Set a per-operator handler that will be called when a pipeline recovers from a checkpoint.

Operator state has already been restored by the time the recovery handler is called. This provides an opportunity to edit the state before the pipeline starts.

See also: on_operator_checkpoint, which can be used to set an operator's state before it is checkpointed.

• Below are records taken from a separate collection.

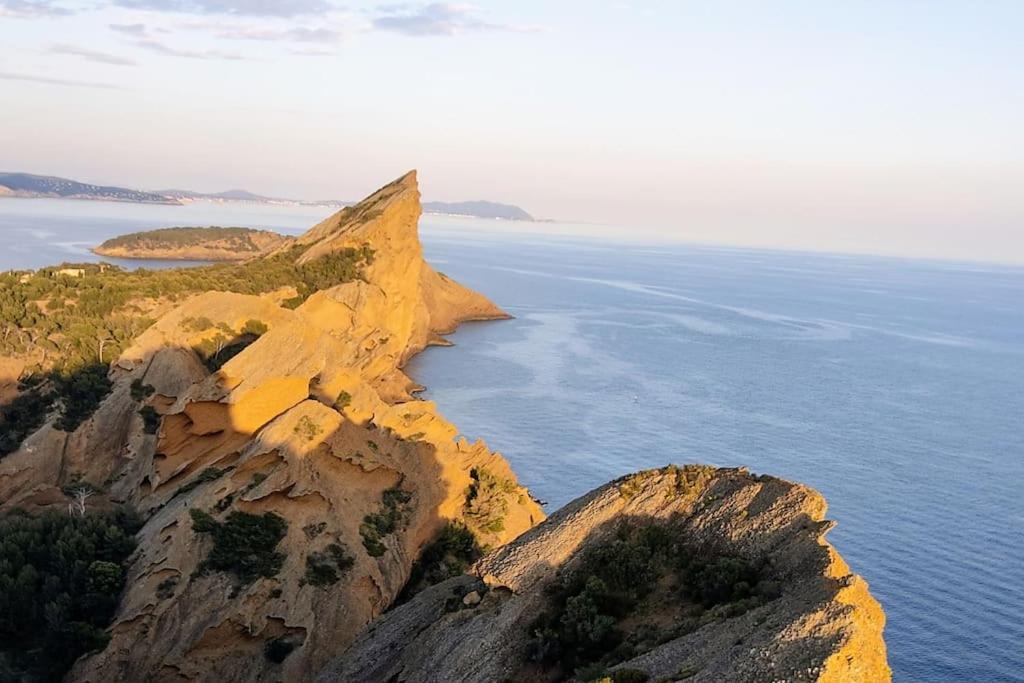 Studio 28M2 Climatise,Wifi, Proche Des Calanques,Plages La Ciotat Dış mekan fotoğraf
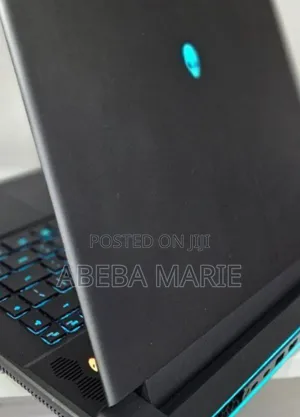 New Laptop Alienware M17x R2 16GB Intel Core I7 SSD 1T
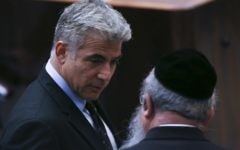 Le président du parti Yesh Atid, Yair Lapid (à gauche) avec Menachem Eliezer Mozes, député de Yahadout HaTorah, à la Knesset, le 8 juillet 2013. (Crédit : Yonatan Sindel/Flash90)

Note: This cannot be used for reader operators.

Arguments:

  • operator - The operator for which to assign the handler.
  • handler - A function that will be called when a pipeline recovers from a checkpoint. It will be provided two arguments: the operator, and the checkpoint data provided by the operator's on_operator_checkpoint handler. Its return value is ignored.
    >>> from kxi import sp
    >>> import pykx as kx
    
    >>> operatorRecovered = False
    >>> def on_operator_recover(op, data):
            global operatorRecovered
            operatorRecovered = True
    
    >>> sp.lifecycle.on_operator_recover('callback', on_operator_recover)
    >>> sp.run(sp.read.from_callback('publish', name='callback')
           | sp.write.to_console())
    >>> assert not operatorRecovered
    # These are internal API calls used to simulate checkpoint recovery.
    # They are liable to change without notice, and should not be used in production.
    >>> kx.q('.sp.i.recoverFromCheckpoint .spwork.i.createCheckpoint[]')
    >>> assert operatorRecovered
    

finish_task

def finish_task(operator: OperatorSpecifier, task_id: int) -> None

Indicate that the specified task in the specified operator has finished processing.

If all tasks for the operator are finished, and the operator has been requested to finish, then the operator is finished.

Arguments:

  • operator - The operator in which the task was created.
  • task_id - The task identifier.
    
    

register_task

def register_task(operator: OperatorSpecifier) -> int

Register a task for the given operator.

A task represents an asynchronous request that an operator made, and once that request is finished, the task should be marked as finished using sp.finish_task.

Arguments:

  • operator - The operator for which a task will be registered.

Returns:

A task ID, which will be needed to call sp.finish_task.